The history of war has unfolded at the same time in a parallel, feedback interrelation, there being no evidence that man invented war (or had reason to) until agriculture made it possible for him to settle in permanent villages with territories that required organized
defense. Moreover, of the 14,550 wars on Earth since history began to be recorded in 3600 B.C., a new one appearing every 140 days on the average for some six millenniums, wars have been relatively local until this century, indeed generally conducted like sporting events
with traditional rules and led by individual heroes, the participants being limited to armies of professional soldiers rather than spreading to vast amateur populations. The only ones that involved whole populations, so far as I know, were the terrible ravages of major invaders
like Attila the Hun and Genghis Khan and the occasional wars of extermination that killed off small tribes. But now suddenly in our own time something entirely new has evolved with the advent of nuclear weapons and intercontinental missiles, which have made all-out war so impersonal and instantaneously lethal on such a scale that the "victor" must almost surely
be destroyed along with the "vanquished," not to mention all large cities and possibly half of mankind vaporized in a day.

The absurdity of continuing the present international anarchy provoked Einstein into calling nationalism "an infantile disease, the measles of mankind." And the folly of it is now so obvious that probably the majority of all educated people already favor world federation, including the sacrifice of national sovereignty that is essential to enable it to disarm and police the planet.

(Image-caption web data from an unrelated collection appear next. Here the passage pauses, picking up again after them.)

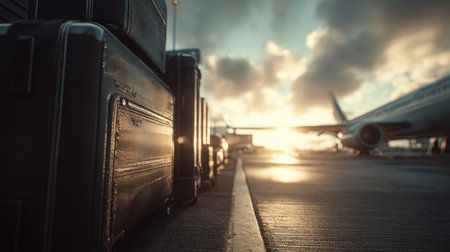 A cinematic side view captures black luggage lined up with a parked airplane in the background. Sunlight reflects off the luggage, evoking a sense of travel anticipation.の素材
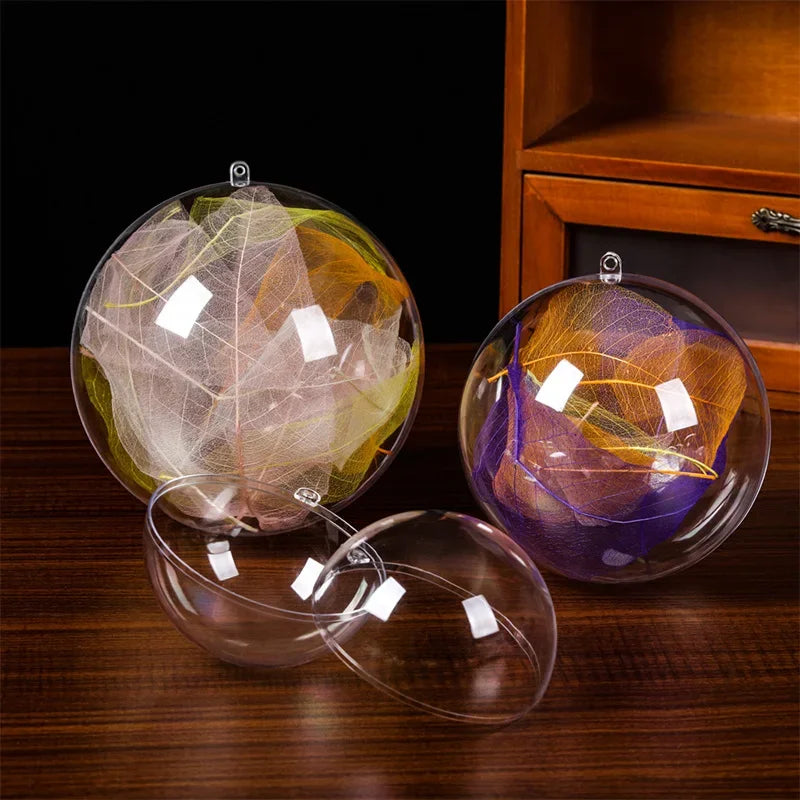 Wholesale Transparent DIY Plastic Ball Ornaments – Fillable Hanging Decoration for Christmas Tree, Wedding & Party Gifts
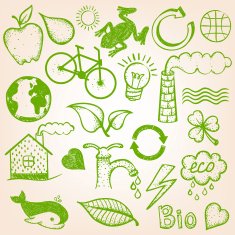 Hand-drawn ecology set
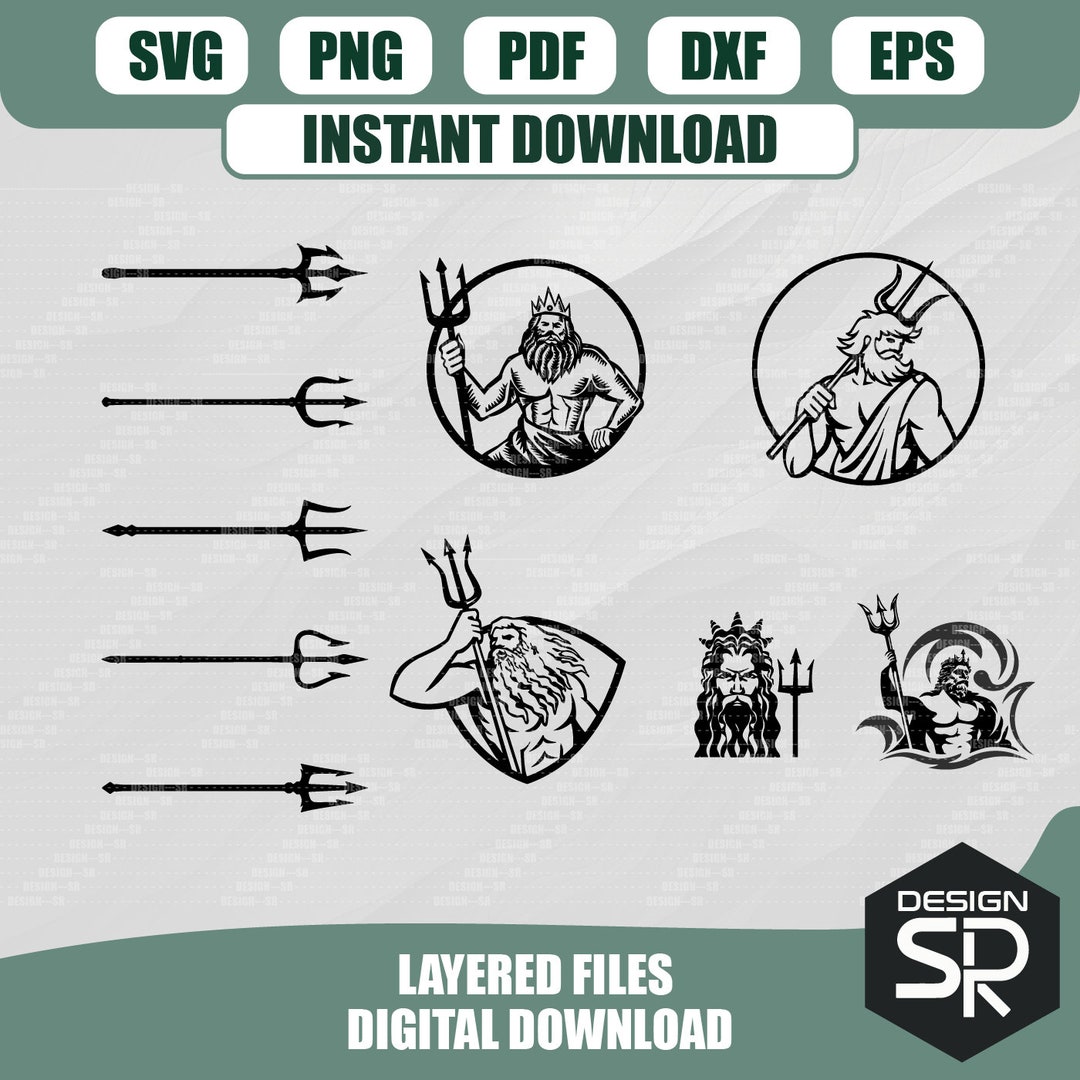 Poseidon Sticker Poseidon SVG PNG Dxf Cricut & Silhouette File, Svg Bundle, Sticker ...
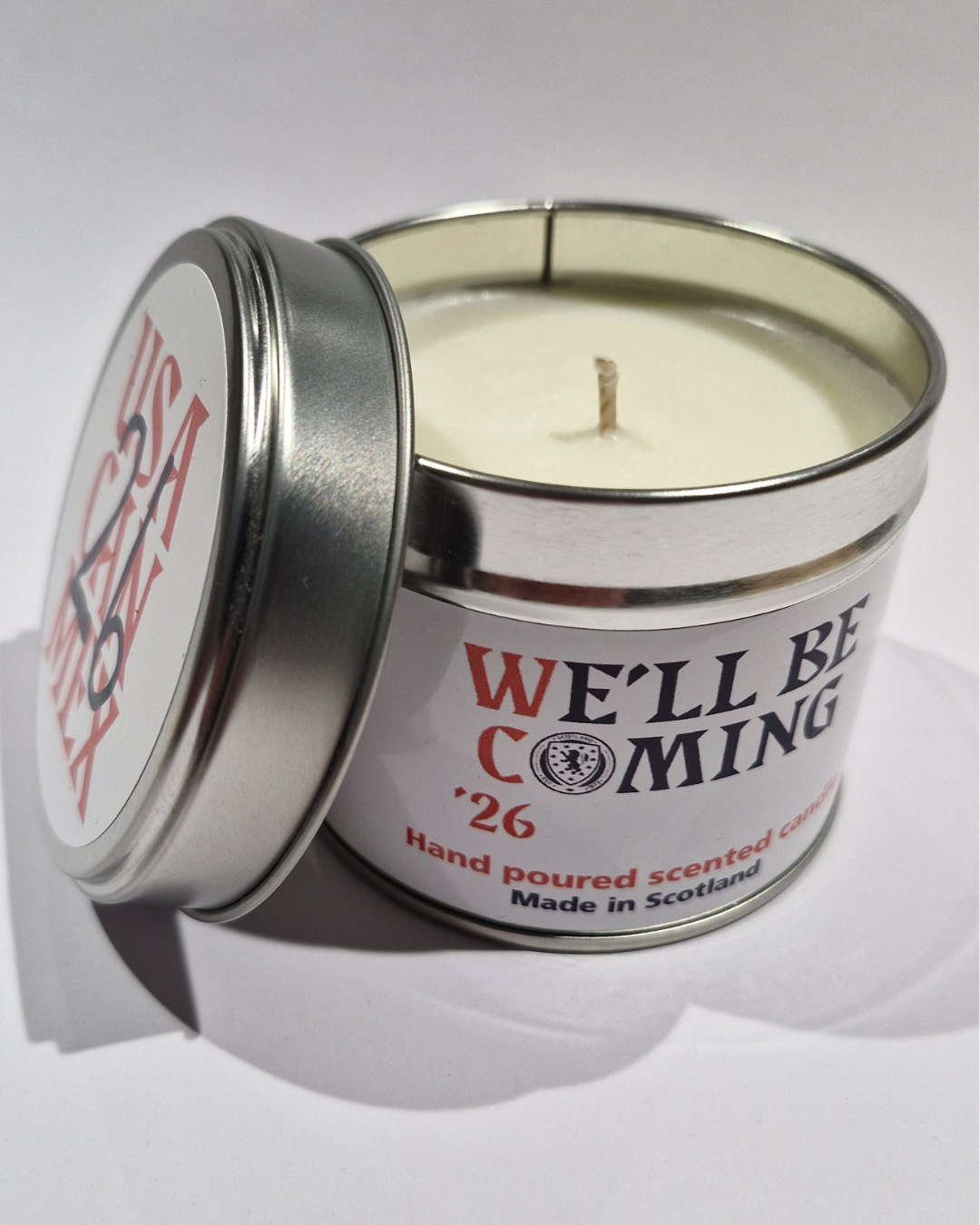 Official Scotland national football team silver tin candle with white wax and we’ll be coming 26 label featuring Scottish crest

Yet it is very hard, for
prime ministers, presidents and heads of state, charged with responsibility to uphold and defend national sovereignty, to feel the need to limit that sovereignty, which would seem to mean limiting their own power and importance. It is hard for them to see the analogy of
the peaceful justice that prevails in almost any court of law, which of course depends on the ultimate judicial power (armed bailiffs and police) being controlled by the law (judges and magistrates) rather than by the litigants (prosecutors and defendants). For how different
it is at present in the "court" of nations on Earth where the ultimate power (missiles and bombs) is controlled not by the law but by the litigants (competing nations), which results in the perpetual danger of catastrophic war. Clearly a change is due and overdue, a shift
of power from the litigants to the law, from the competing nations to a world government constitutionally authorized to make and execute world law - thus to preserve world peace!
Whether this will come through the relatively peaceful evolution of international trading cartels, political treaties, charter reform in the United Nations, Olympic games, world citizenship declarations (like that by Minnesota which, in 1971, became the first state of the U.S. to declare the allegiance of its citizens to the world community), intercultural conventions (perhaps involving UNESCO), ecumenical or world religion or (God forbid) through catastrophic famine, worldwide disease, poverty, war, or some unforeseen natural upset, mutation, cosmic interference or a combination of them - no one can foresee nor Prophet foretell. Yet somehow world government is coming, as surely as any human future is coming. And that alone (with all it implies in mind and spirit) should ensure that world germination will lead directly to the flowering of the planet!”